_Task requirements_: Skipping all images, output the listing word for word.

_Dataset content_:
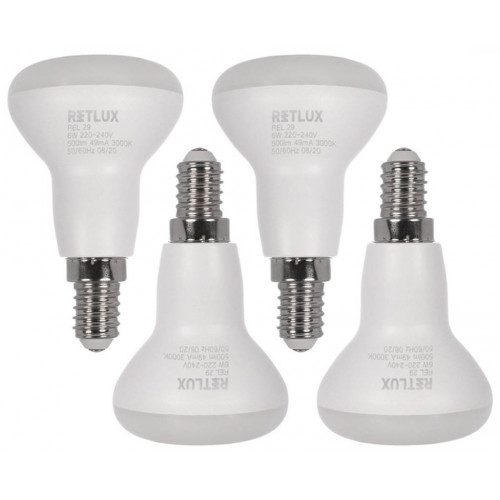 RETLUX REL 29 LED R50 4x6W E14 WW 50004524 RETLUX REL 29 LED R50 4x6W E14 WW 50004524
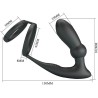 PRETTY LOVE - EMONI ANILLO PENE PLUG ANAL 12 VIBRACIONES NEGRO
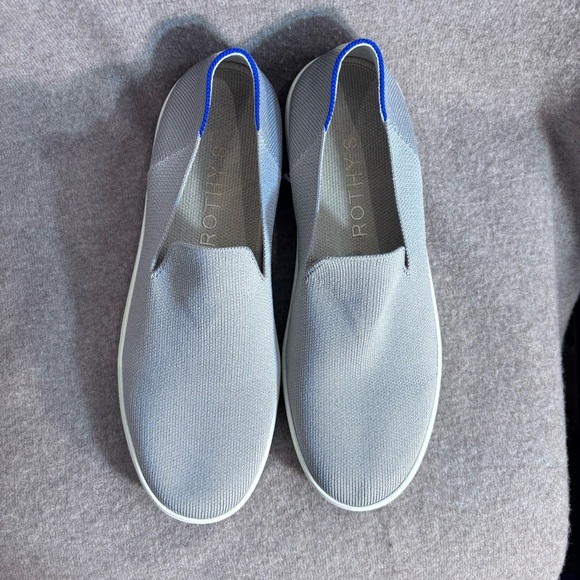 ROTHY’s Sz 10 The Original Slip-On Loafers Rubber Sole Machine Washable in Grey - Picture 3 of 11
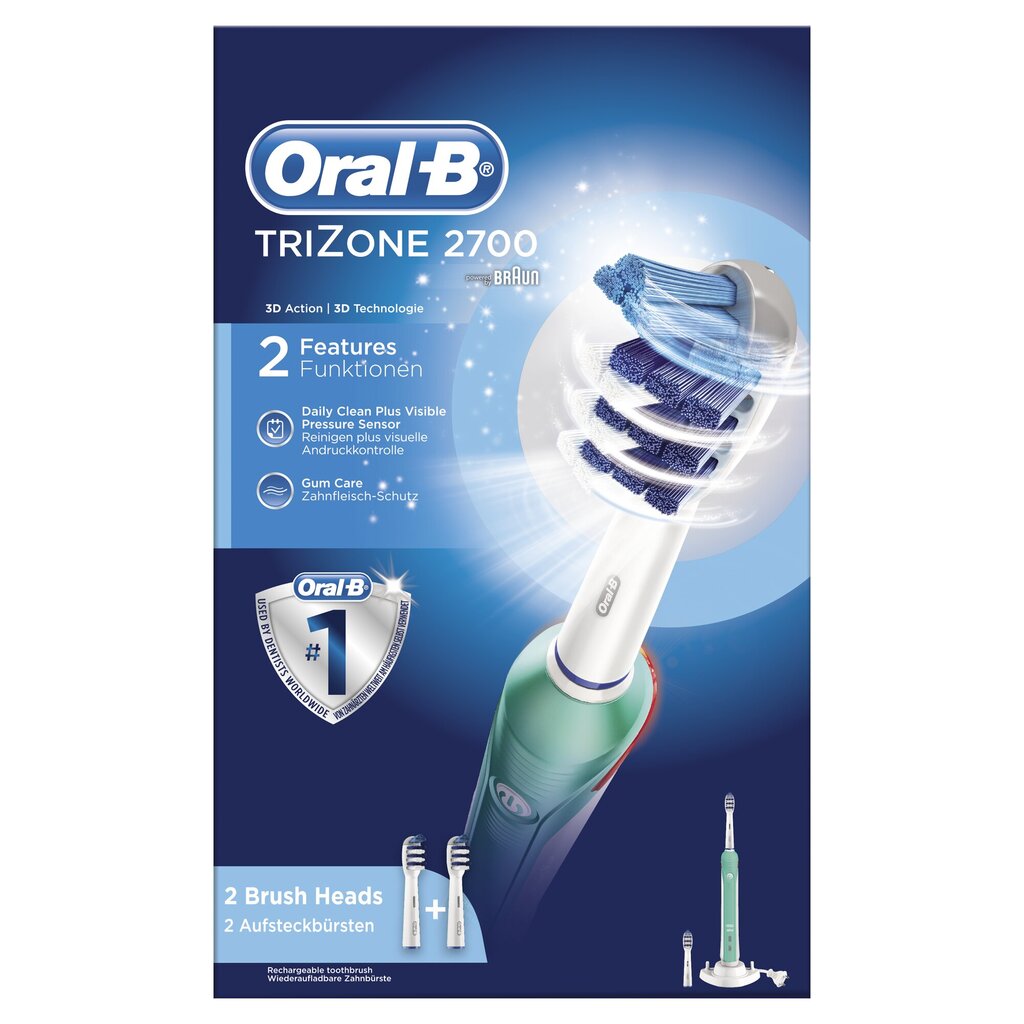 Oral-B TriZone 2700 цена и информация | Elektrilised hambaharjad | kaup24.ee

_Answer space_:
 RETLUX REL 29 LED R50 4x6W E14 WW 50004524 RETLUX REL 29 LED R50 4x6W E14 WW 50004524
 PRETTY LOVE - EMONI ANILLO PENE PLUG ANAL 12 VIBRACIONES NEGRO
 ROTHY’s Sz 10 The Original Slip-On Loafers Rubber Sole Machine Washable in Grey - Picture 3 of 11
 Oral-B TriZone 2700 цена и информация | Elektrilised hambaharjad | kaup24.ee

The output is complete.